[WHAT THIS TASK INVOLVES]: Repeat the data that follows exactly, starting at the line with "2018-2023 Volkswagen Tiguan" and ending at the line with "2008 Jeep Grand Cherokee photo 1", and leave out every picture.

[INFORMATION GIVEN]:
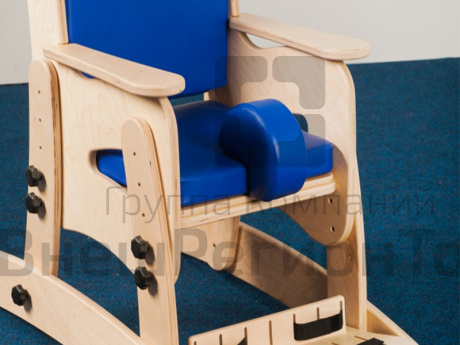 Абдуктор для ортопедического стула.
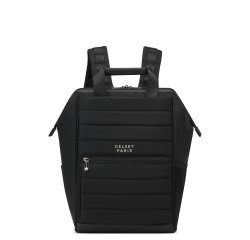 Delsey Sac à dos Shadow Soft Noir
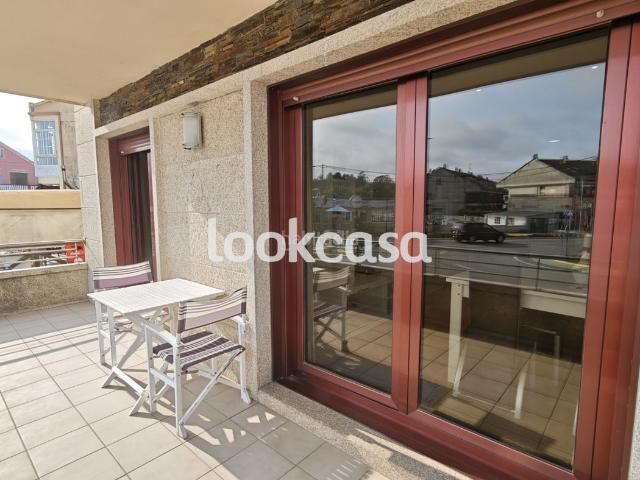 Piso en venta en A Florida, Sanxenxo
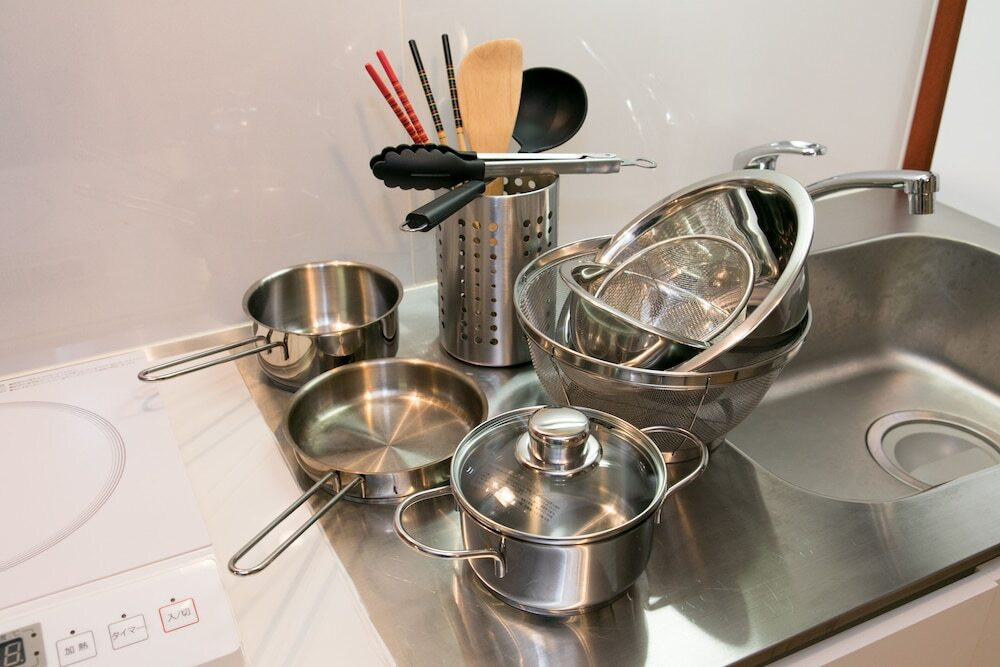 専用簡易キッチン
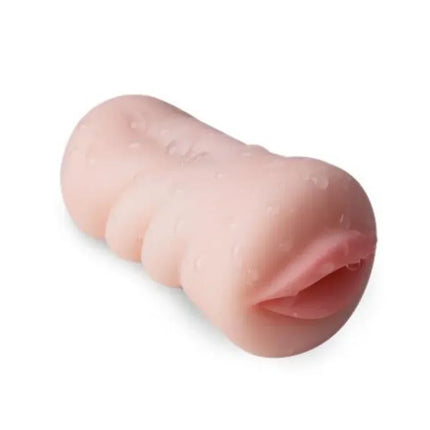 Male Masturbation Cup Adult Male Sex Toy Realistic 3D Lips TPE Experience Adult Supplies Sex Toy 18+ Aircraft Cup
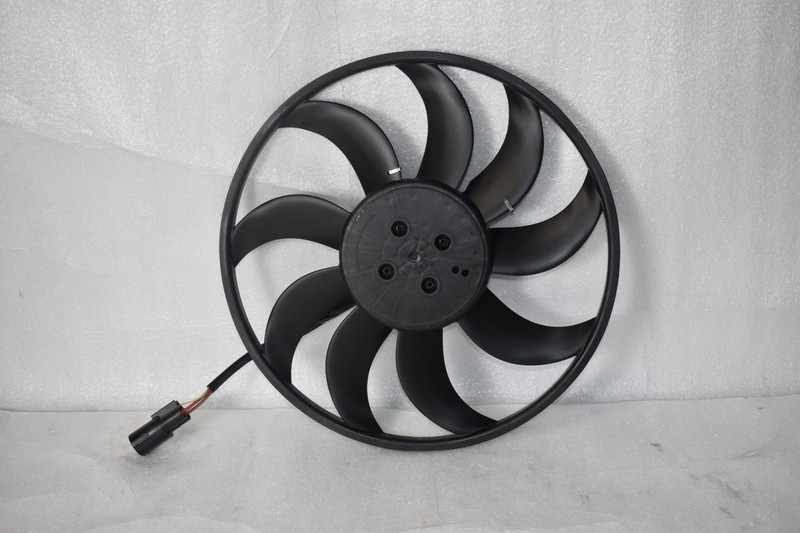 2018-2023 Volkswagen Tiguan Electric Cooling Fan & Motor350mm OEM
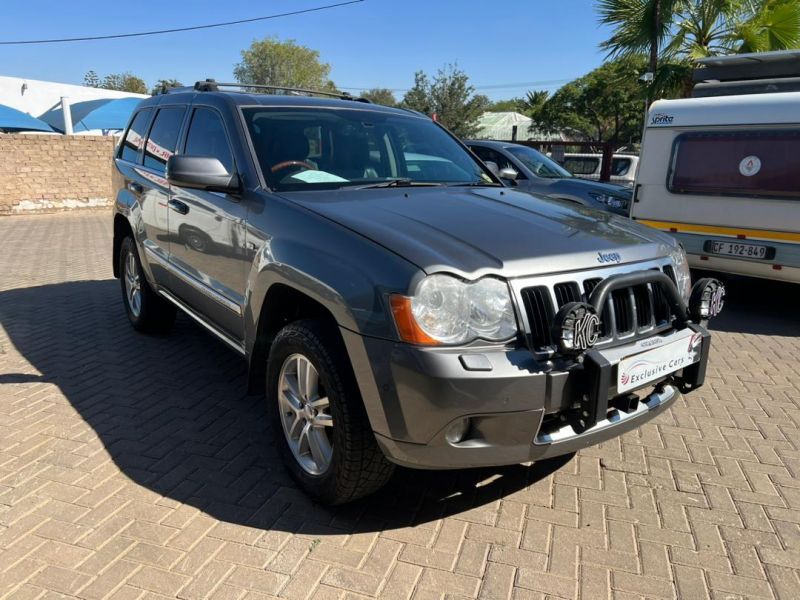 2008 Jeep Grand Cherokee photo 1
--
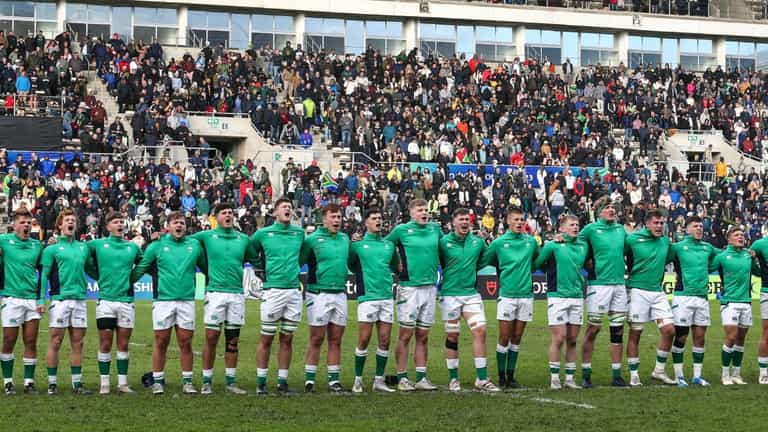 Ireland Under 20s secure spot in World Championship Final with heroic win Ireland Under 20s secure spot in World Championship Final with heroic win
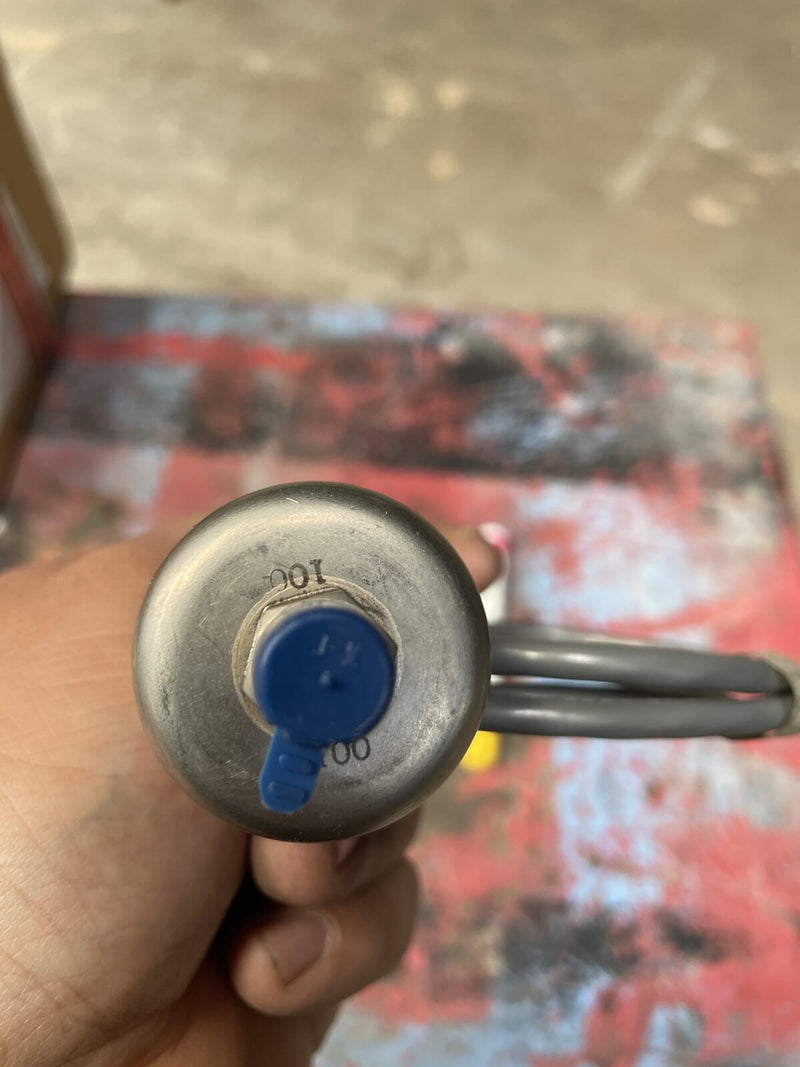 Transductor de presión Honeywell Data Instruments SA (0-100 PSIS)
* * *
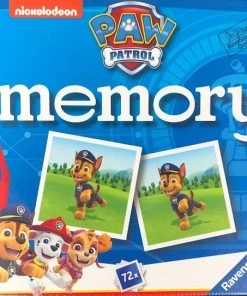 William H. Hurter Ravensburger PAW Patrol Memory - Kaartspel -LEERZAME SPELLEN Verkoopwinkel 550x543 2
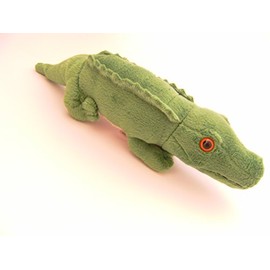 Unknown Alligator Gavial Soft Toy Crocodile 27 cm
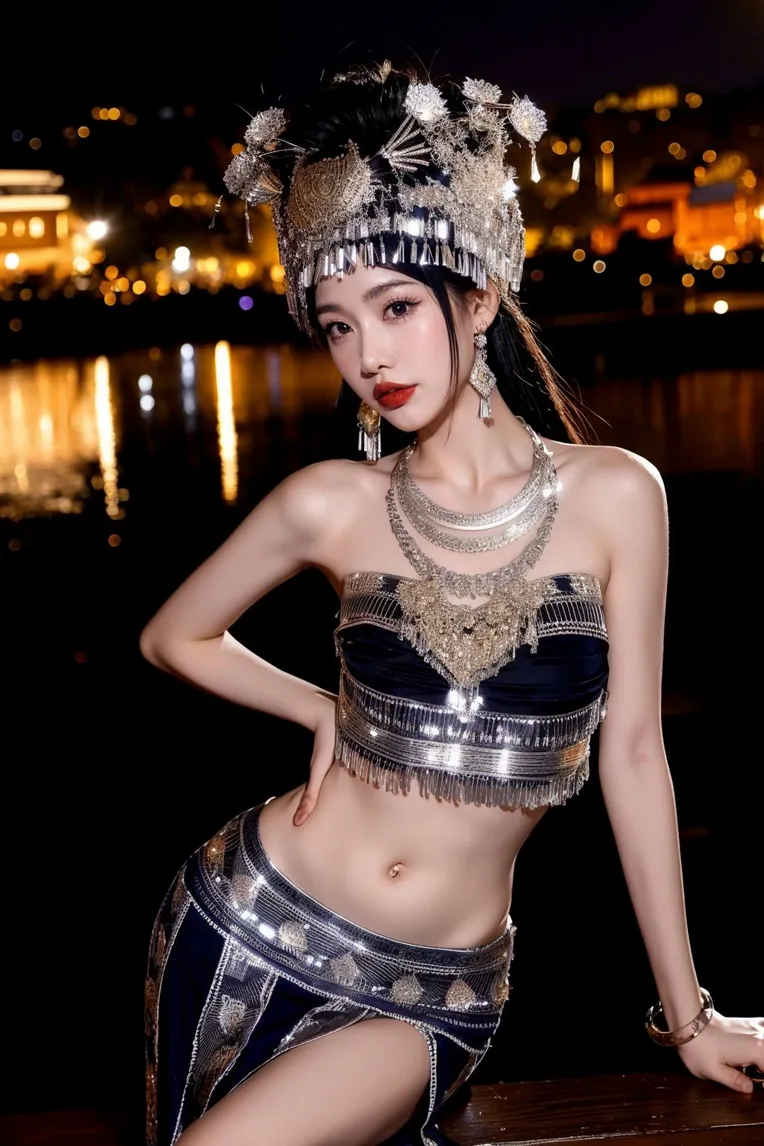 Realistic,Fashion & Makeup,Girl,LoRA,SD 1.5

[ANSWER TO THIS EXERCISE]:
 2018-2023 Volkswagen Tiguan Electric Cooling Fan & Motor350mm OEM
 2008 Jeep Grand Cherokee photo 1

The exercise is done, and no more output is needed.